La situación en Afganistán se complica sin que nadie sepa encontrar una solución. La estabilidad que intentaba alcanzar el país tras unas elecciones, complejas y sin garantías, es verdad, pero en las que el pueblo demostró gran valor al acudir a las urnas pese a las amenazas de los talibanes, no se ha materializado. Por contra, el país está sumido en un caos de violencia en el que la presencia de ejércitos extranjeros no parece suficiente como garante de la paz. Las fuerzas españolas presentes en Afganistán se han visto involucradas en dos ataques en la última semana, y el bombardeo aéreo de la OTAN que ha ocasionado tantas víctimas civiles es desproporcionado. El peligro para nuestros soldados es evidente, y a estas alturas es cuestionable que España deba mantener su presencia en un país que tiene tantos conflictos internos por resolver. Los ataques pueden proceder de los talibanes, pero también de otros insurgentes o de los traficantes de drogas. No se trata de intentar mantener la paz entre dos países en guerra, o entre dos etnias; se trata de un conflicto de muy difícil resolución.

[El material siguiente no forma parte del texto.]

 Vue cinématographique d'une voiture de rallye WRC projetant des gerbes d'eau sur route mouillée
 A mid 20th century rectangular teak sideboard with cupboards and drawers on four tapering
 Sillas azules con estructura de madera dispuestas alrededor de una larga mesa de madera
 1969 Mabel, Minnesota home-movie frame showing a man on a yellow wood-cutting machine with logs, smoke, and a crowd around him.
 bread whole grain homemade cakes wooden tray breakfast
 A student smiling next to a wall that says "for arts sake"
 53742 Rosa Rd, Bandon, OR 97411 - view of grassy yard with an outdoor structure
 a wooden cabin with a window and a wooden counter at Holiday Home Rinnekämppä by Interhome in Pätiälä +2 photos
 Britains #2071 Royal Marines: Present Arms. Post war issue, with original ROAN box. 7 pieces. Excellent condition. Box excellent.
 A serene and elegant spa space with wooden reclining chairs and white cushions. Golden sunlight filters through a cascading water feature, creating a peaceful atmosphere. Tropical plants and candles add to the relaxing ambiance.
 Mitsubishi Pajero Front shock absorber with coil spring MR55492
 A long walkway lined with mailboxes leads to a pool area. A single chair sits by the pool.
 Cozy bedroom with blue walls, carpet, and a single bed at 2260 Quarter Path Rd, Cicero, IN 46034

La comparación entre Irak y Afganistán es inevitable. El origen de ambas invasiones tiene un objetivo similar, pero ésas fueron dos acciones promovidas desde Estados Unidos por el anterior Gobierno de Bush, amparadas por la OTAN, y a las que España se sumó de la mano de Aznar. Si fue posible replantearse el papel de nuestro país en Irak y abandonar, también es posible hacer lo mismo en Afganistán, pero hay que buscar el momento oportuno y siempre de común acuerdo con los aliados. Antes de proponer la ampliación de la presencia de tropas en Afganistán habría que analizar el papel que desempeñan, hoy por hoy, en ese país. Y enviar más efectivos militares únicamente para garantizar la seguridad del contingente español mientras se busca una salida política que permita la retirada de todas las tropas extranjeras.